Nicolas Sarkozy estime que le renoncement des banquiers à la part variable de leur rémunération sur les résultats de 2008 serait «la moindre des choses» en contrepartie des efforts de l'Etat (enfin, des contribuables…) français qui a déjà accordé à six de ses établissements [1] une première tranche de prêts de 10,5 milliards d'euros en décembre. Aucune étude n'est venue montrer que ces sommes colossales, alors distribuées sous forme de fonds propres à ces innocentes victimes des tristes évènements que nous connaissons, ont servi à quelque chose. Qu'à cela ne tienne : le gouvernement va réitérer son geste bienveillant d'ici la fin du premier trimestre !

Les critiques fusent, beaucoup voyant en ces «cadeaux aux banques» une dilapidation pure et simple de l'argent public, puisque l'Etat ne s'est même pas donné les moyens… d'en contrôler l'utilisation. C'est donc pour cela que l'UMP s'agite autour des bonus des banquiers : une façon de noyer le poisson afin de faire croire à l'opinion qu'il y a bien des «contreparties». Pourtant, ici non plus, il n'existe aucun moyen légal de contraindre ces dirigeants à renoncer à leurs bonus... Tout cela n'est que du vent et n'effraie nullement les vautours. D'ailleurs le directeur général du Crédit Agricole, Georges Pauget, a ainsi réagi à la pression du gouvernement : «Dans les périodes de grand stress, comme c’est le cas actuellement, un mouvement naturel est de chercher un bouc émissaire. De ce point de vue, nous sommes des cibles parfaites».

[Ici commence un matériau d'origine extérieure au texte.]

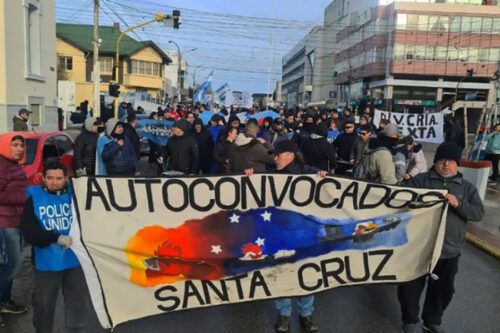 Santa Cruz: la provincia cerró la paritaria policial unilateralmente y los autoconvocados mantienen el conflicto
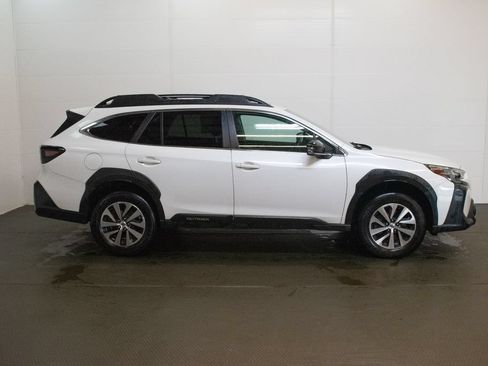Used 2025 Subaru Outback Premium AWD/4WD image 3
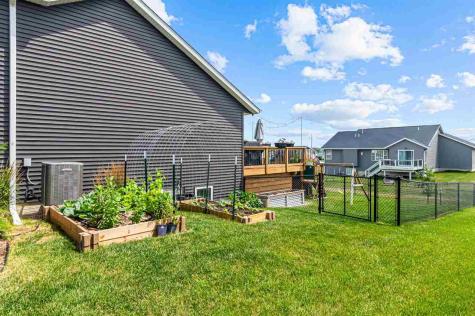 2793 Creekview Trail Palo IA 52324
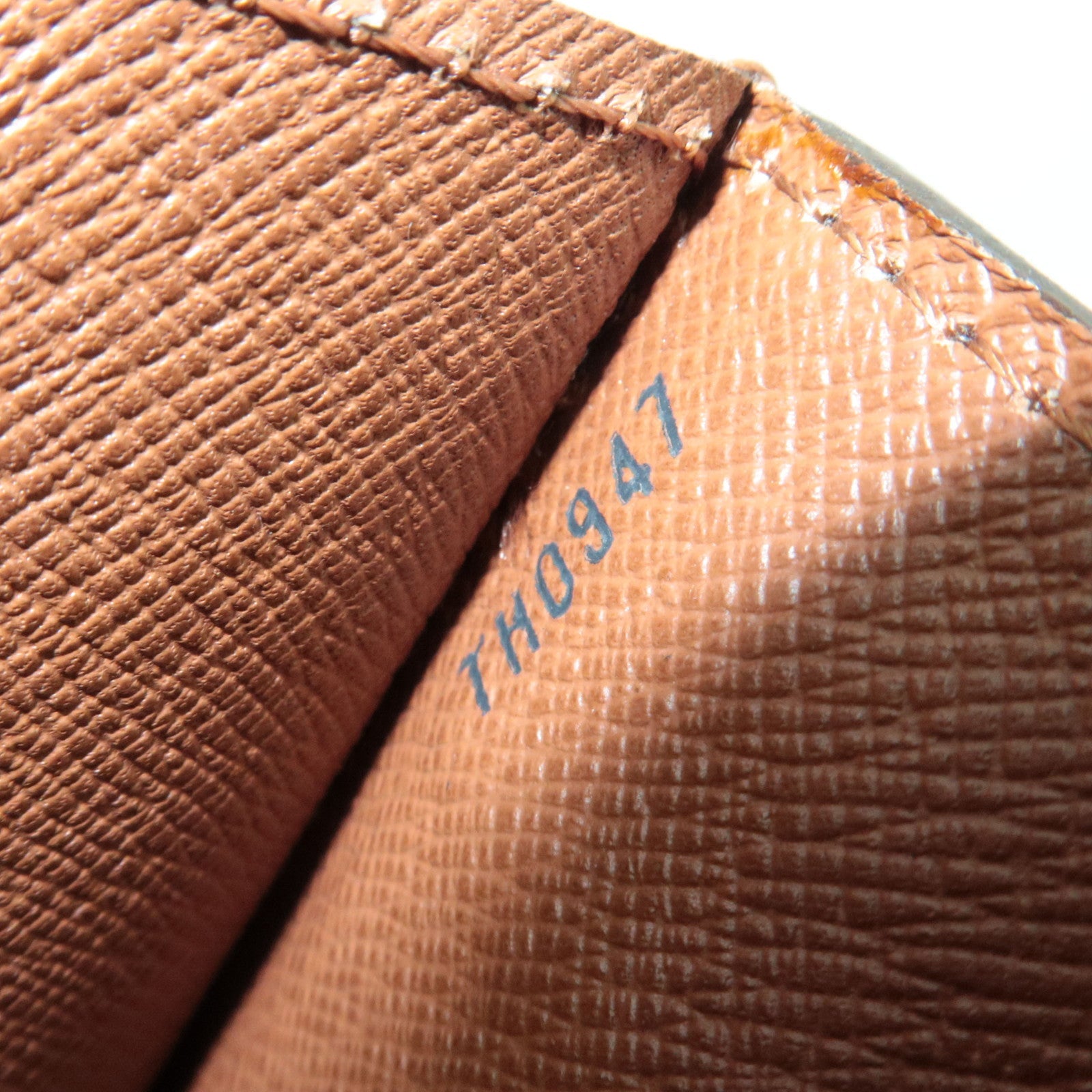 Louis Vuitton Epi Sellier Dragonne Clutch Bag Kenya Brown M52613 TH0947 *Keys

Une «question de morale» ?

Pour les chômeurs, véritables innocentes victimes des tristes évènements que nous connaissons, le traitement n'est pas du tout le même : traités de fainéants ou de profiteurs, constamment suspectés de fraude, il y a longtemps que le gouvernement les a «désignés à l'opinion publique» en tant que «cibles parfaites» pour éviter d'avouer que le chômage, conséquence directe du libéralisme économique, est un outil précieux qui fait baisser les salaires, installe une peur bénéfique au cœur du salariat tout en contenant l'inflation. L'Etat, qui ne contribue en rien à l'assurance-chômage puisque c'est l'Unedic qui la finance après s'être chargée de collecter les cotisations salariales et patronales afférentes [2], se permet d'exiger de sérieuses «contreparties» à ceux que leurs patrons ont foutu à la porte.

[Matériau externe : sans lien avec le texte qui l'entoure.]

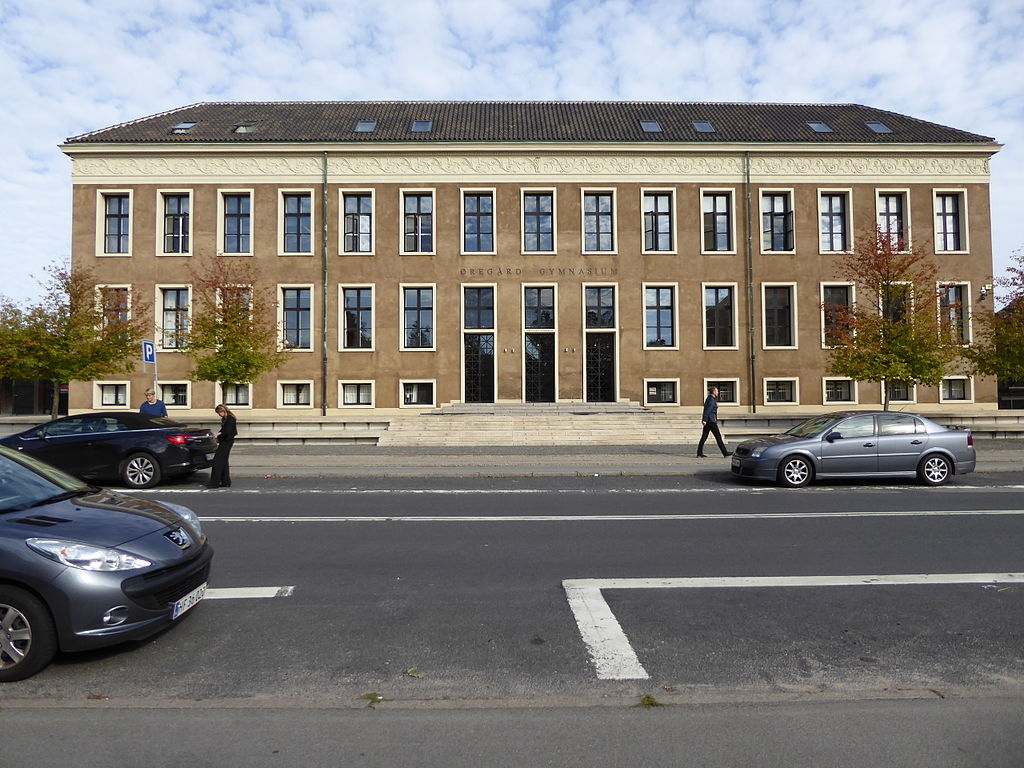 1924 1024px-Øregård_Gymnasium_2.jpg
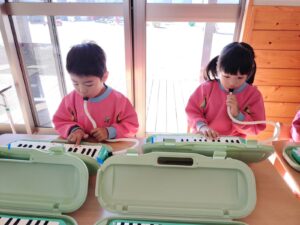 鍵盤ハーモニカの様子（田中）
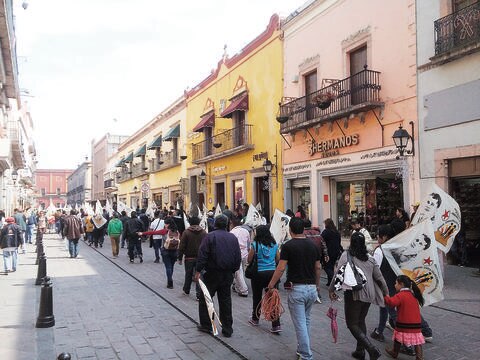 Marchan en solidaridad con padres de los 43 desaparecidos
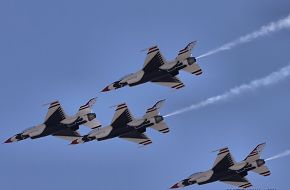 USAF Thunderbirds Flight Demonstration Team F-16 Falcon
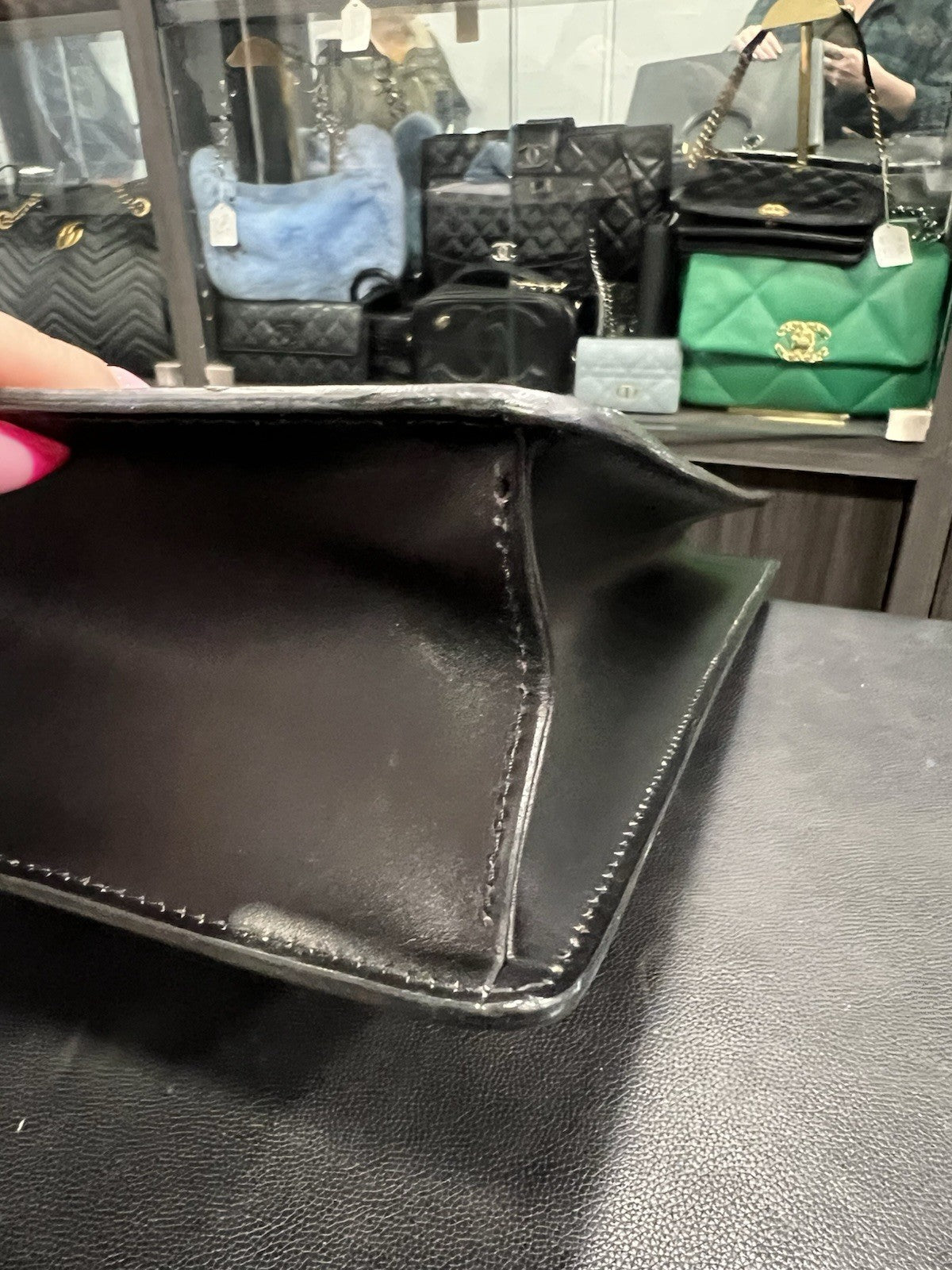 Louis Vuitton Black Epileather GM Sac Plat With Crossbody & Authenticity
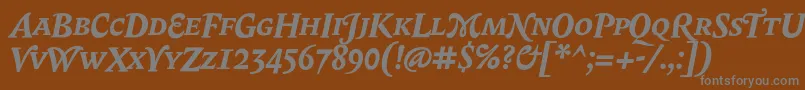 BiblonScOtBoldItalic-fontti – harmaat kirjasimet ruskealla taustalla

Ainsi, il s'est empressé d'édicter une loi qui fixe leurs «droits» et, surtout, leurs «devoirs». Même la charmante Annie Thomas, de la CFDT de l'Unedic, a déclaré que «l'assurance-chômage n'est pas une rente de situation versée parce qu'on a cotisé toute sa vie. Les demandeurs d'emploi font souvent cette erreur. Les chômeurs s'imaginent qu'ils ont le droit de toucher des allocations parce qu'ils ont cotisé, et qu'ils ont du temps devant eux». Et de rajouter : «Un demandeur d'emploi a le devoir d'accepter un salaire même inférieur à 25 ou 30% de son salaire antérieur, parce qu'il doit faire le deuil de son ancien emploi et se projeter»… avec déclassement et déqualification à la clé.

Malgré «la crise«, aucun coup de pouce ne sera apporté à l'assurance-chômage alors que Bruxelles, dans le cadre de son plan de relance pour faire face à la récession, avait préconisé aux gouvernements européens d'augmenter temporairement le montant des allocations ou d'allonger temporairement leur durée.

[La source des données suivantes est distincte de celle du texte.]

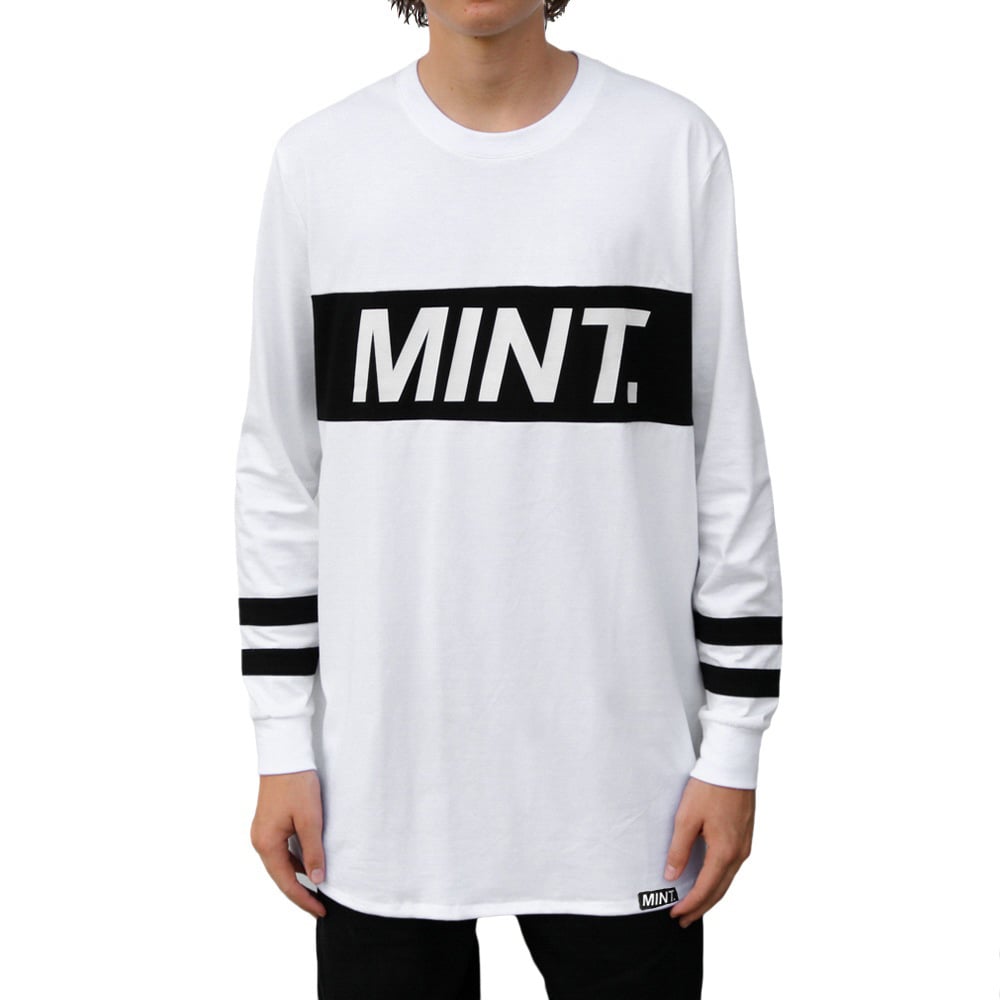 Image of LONGSLEEVE REGULAR TEE (WHITE)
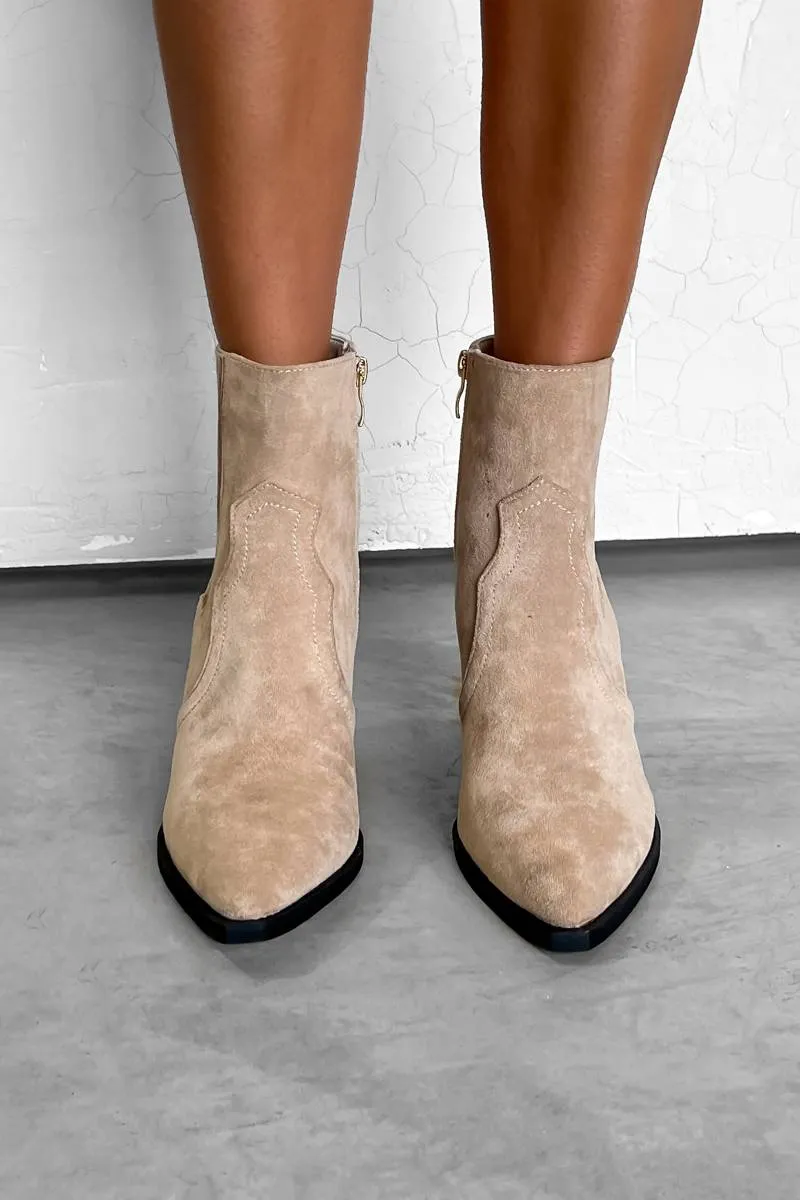 CASSIDY Western Cowboy Boots - Beige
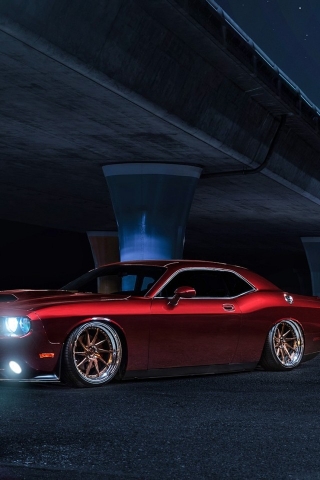 Red Dodge Challenger Avant Garde for 320 x 480 iPhone resolution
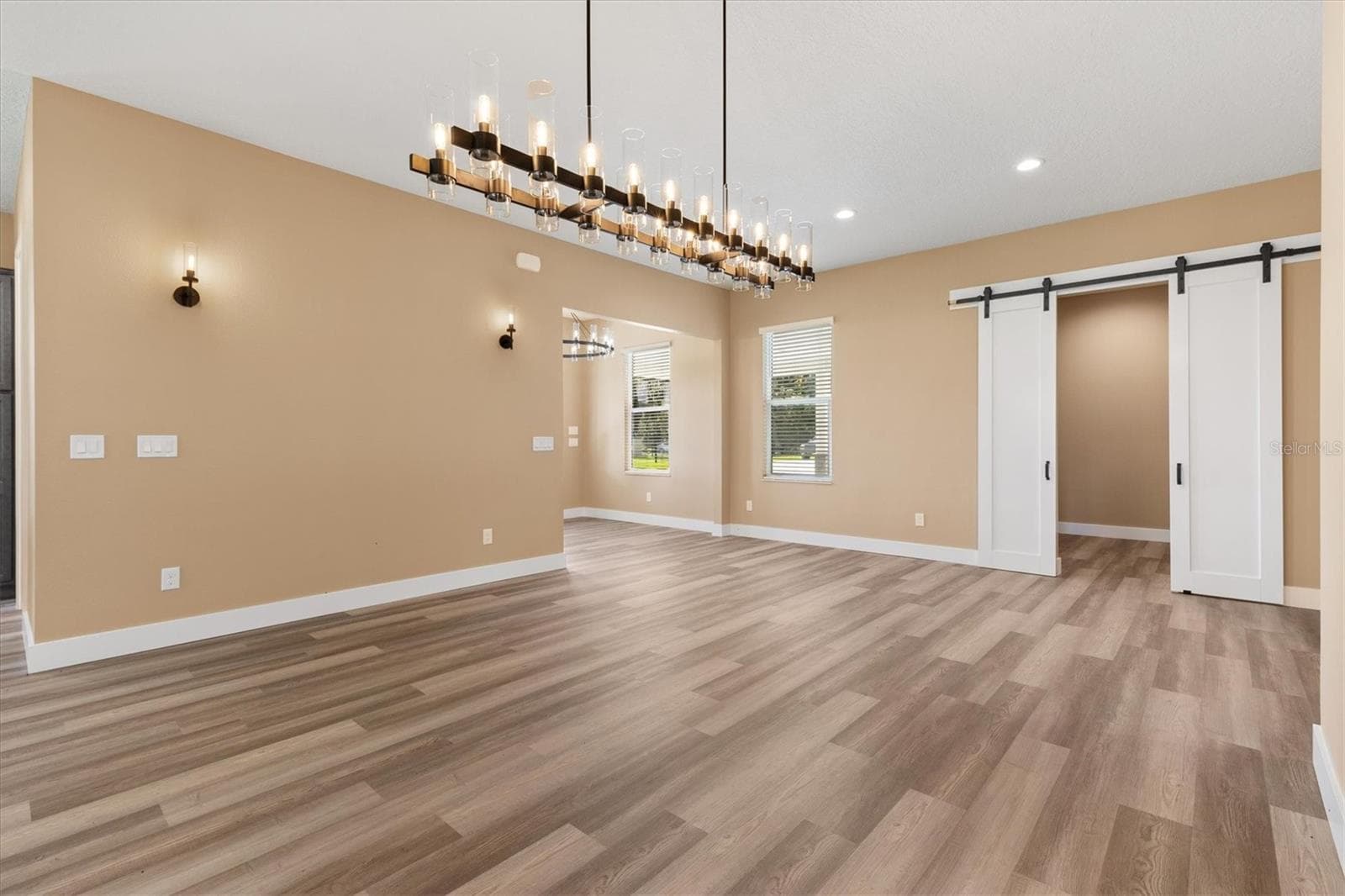 Dining Area - 2540 NE 77TH RD, WILDWOOD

Mais revenons aux «boucs émissaires« du moment. Heureusement pour l'UMP que les deux plus hauts dirigeants de BNP-Paribas ont donné l'exemple, renonçant à leurs bonus 2008, soit 875.000 € pour son président, Michel Pébereau, et 2,27 millions d'euros pour son directeur général, Baudoin Prot. Ces deux hommes, qui ne risquent ni chômage ni déclassement ni déqualification, gagnent déjà autour de 800.000 € par an : on ne va pas les plaindre.


[1] Crédit Agricole, BNP-Paribas, Société Générale, Crédit Mutuel, Caisse d’Epargne et Banque Populaire.

[2] Le budget annuel de l'Unedic, c'est environ 30 milliards d’€ dont 24 sont consacrés à l'indemnisation de 2,1 millions d'allocataires, le montant moyen de l'allocation chômage étant de 950 € par mois.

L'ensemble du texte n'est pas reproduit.